2.3 Return the input window size to '13', but keep epocs at '35'. Now train two networks, a large one with '30' hidden neurons and a small one with zero (thus eliminating the hidden layer completely).

Comparing the two networks, what can you conclude?

A) The small network peaks at epoch '5', the larger not until epoch '25'. The larger network has more weights to optimize and would benefit from more learning cycles.
B) Increasing the number of hidden neurons increases the number of weights, and larger networks are still more prone to overfitting.
C) Hidden neurons look for underlying correlations in the data, but the training data may have few underlying correlations.


2.4 Re-train the two networks from 2.3, but this time increase the number of training sequences to '60'.

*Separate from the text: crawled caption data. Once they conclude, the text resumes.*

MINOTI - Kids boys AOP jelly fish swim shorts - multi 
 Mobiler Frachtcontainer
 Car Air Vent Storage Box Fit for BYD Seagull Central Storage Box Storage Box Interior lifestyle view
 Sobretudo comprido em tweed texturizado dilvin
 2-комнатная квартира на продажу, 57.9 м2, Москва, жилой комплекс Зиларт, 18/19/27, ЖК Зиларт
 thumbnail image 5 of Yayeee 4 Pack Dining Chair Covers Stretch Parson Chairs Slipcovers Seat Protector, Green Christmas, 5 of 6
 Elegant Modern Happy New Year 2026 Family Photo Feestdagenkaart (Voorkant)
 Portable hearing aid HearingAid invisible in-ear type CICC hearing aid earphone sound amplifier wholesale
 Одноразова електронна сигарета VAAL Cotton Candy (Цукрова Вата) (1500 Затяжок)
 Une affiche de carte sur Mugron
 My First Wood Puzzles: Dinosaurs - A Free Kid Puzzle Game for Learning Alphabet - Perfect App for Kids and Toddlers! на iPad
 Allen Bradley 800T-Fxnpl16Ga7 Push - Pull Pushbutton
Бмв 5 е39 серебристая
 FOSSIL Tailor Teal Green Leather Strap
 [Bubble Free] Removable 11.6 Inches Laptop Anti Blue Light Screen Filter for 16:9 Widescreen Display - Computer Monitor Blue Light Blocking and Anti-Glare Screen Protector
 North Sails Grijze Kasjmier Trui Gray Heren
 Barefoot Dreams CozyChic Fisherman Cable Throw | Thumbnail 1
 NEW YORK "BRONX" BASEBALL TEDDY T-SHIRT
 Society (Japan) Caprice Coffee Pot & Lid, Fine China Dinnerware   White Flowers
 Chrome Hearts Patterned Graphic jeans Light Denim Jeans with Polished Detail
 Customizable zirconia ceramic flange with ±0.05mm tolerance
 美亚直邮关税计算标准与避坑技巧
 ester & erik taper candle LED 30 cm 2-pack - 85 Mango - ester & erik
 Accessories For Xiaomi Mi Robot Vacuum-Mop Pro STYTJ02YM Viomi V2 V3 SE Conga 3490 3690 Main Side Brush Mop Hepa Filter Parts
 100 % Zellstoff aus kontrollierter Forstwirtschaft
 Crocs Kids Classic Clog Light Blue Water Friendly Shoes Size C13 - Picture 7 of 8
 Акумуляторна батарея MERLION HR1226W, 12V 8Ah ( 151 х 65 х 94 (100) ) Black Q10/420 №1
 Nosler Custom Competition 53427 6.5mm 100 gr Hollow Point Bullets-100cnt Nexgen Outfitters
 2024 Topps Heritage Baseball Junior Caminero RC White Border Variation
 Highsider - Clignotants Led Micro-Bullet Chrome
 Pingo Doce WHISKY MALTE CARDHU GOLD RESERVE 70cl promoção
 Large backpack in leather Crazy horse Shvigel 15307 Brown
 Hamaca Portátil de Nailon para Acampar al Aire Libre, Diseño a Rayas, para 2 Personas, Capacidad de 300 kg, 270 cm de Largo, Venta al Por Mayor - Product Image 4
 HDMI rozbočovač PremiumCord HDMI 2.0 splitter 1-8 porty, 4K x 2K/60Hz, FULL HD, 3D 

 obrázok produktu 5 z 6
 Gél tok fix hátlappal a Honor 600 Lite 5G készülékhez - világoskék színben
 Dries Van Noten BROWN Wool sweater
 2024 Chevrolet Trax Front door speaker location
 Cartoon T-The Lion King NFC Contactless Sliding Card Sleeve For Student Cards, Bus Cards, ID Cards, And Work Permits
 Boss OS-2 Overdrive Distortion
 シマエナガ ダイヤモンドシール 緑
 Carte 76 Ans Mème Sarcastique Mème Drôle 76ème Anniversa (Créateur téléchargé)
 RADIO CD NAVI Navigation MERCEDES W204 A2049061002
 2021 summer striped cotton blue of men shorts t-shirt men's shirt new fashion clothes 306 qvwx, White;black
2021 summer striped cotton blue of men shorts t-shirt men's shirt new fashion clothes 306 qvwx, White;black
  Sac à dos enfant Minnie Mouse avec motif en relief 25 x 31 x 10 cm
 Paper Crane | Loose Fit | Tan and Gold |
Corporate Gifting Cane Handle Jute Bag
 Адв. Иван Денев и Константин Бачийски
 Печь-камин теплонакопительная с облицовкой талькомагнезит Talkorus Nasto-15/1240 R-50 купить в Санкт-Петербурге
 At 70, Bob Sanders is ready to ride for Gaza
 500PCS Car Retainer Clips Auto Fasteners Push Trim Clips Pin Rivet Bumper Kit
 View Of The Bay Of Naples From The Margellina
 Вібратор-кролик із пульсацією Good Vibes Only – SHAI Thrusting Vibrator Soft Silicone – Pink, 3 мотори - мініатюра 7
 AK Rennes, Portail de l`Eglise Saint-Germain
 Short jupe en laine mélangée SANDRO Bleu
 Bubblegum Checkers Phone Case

Compare the two networks with each other, and with those from 2.3. Now, what can you conclude?

A) Hardly surprising, more training data improves network performance. However, the larger network could benefit from additional learning cycles.
B) Increasing the number of training sequences makes the network less prone to overfitting, because the additional data makes the training sequences harder to memorize.
C) With the addition of new training sequences, the networks can suddenly reveal hidden correlations in the data.


2.5 By now you should have some feel for the effects different run-time parameters have on network performance. If you've done everything sofar exactly as specified by this cookbook, the best correlation coefficient you've obtained should be '0.4671'. Try to experiment with the hoWWWlite interface and see if you can outdo this.